Follow SQLMaster on Twitter

SQL Server Performance patterns of a UDF with datetime parameters

Published 11 May 09 12:10 AM | SQL Master 

There was an interesting discussion about User Defined Fuctions (UDF) performance and patterns, the actual phenomenon is that UDF has got parameters to pass on during the execution.

Just to talk about introduction of such options in the SQL Server history, stored procedures and views have been available in SQL much longer than UDFs, but each of these objects has their niche in SQL Server development. Stored procedures are great for processing complex SQL logic, securing and controlling access to data, and returning a rowset to a calling routine whether that routine is a VB or any other frontend program or another TSQL batch. Unlike views, stored procedures are compiled, making them ideal candidates to represent and process frequently run SQL statements. Views are great for controlling access to data, but they do it differently than stored procedures. Views are limited to only certain columns and rows from the underlying SELECT statement that generated the view. Thus a view is often used to represent a commonly used SELECT statement that may join several tables, employ a WHERE clause, and expose specific columns. Views are often found in the FROM clause of a SQL statement joined to other tables and views.

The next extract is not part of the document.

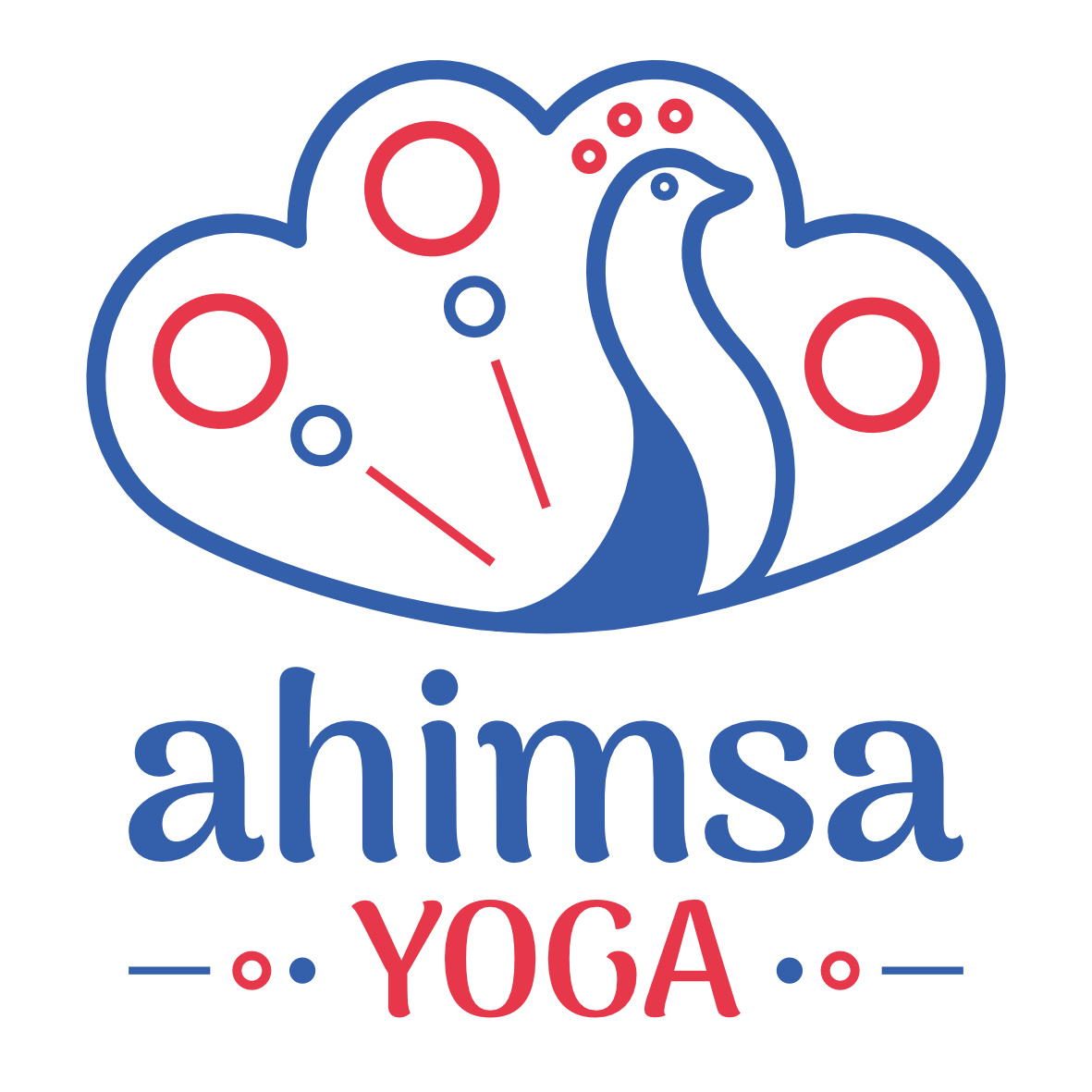 Ahimsa Yoga Magdeburg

Scalar value-returning UDFs are most similar to what many programming languages refer to as functions. They return a single value consisting of a scalar datatype such as integer, varchar(n), char(n), money, datetime, bit, and so on. UDFs can also return user-defined datatypes (UDDTs) if they are based on a scalar datatype. With UDFs that return either inline or multistatement tables, a rowset can be returned via the table datatype. However, not all datatypes can be returned from UDFs. For example, a UDF cannot return a value of any of these datatypes: text, ntext, image, cursor, or timestamp.

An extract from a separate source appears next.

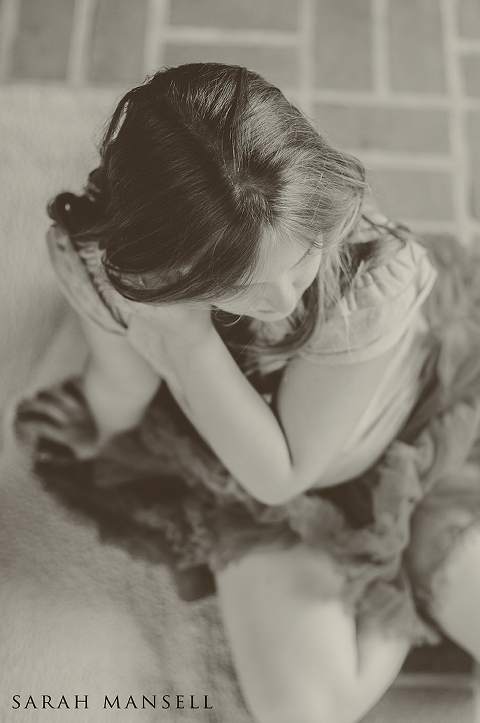 blog#6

The default behaviour of scalar UDFs will be like single statement execution, not like batch one where the difference between them is optimizer will have to pickup the best plan to execute. Due to this SQL Server must execute each function on every row, using any function incurs a cursor like performance penalty.  One way UDFs are simple to complete the task for that reason and can be coverted into single-expression, the actual execution of Scalar UDF will have the performance issue whatever way you may try to optimize the list of TSQL statements. So the actual execution time will vary due to fetching the large number of rows, in a sense 1000 or more. As it works like cursor mechanism, during the followup of each row the UDF is executed which will cause usual performance loss. To add more fuel to the problem if the WHERE clause on that UDF includes any filtering then complete execution will have to move slowly as it must invoke each UDF on each row where it is used in the select list, this happens when creating the results of the query to pass to the next stage of query processing.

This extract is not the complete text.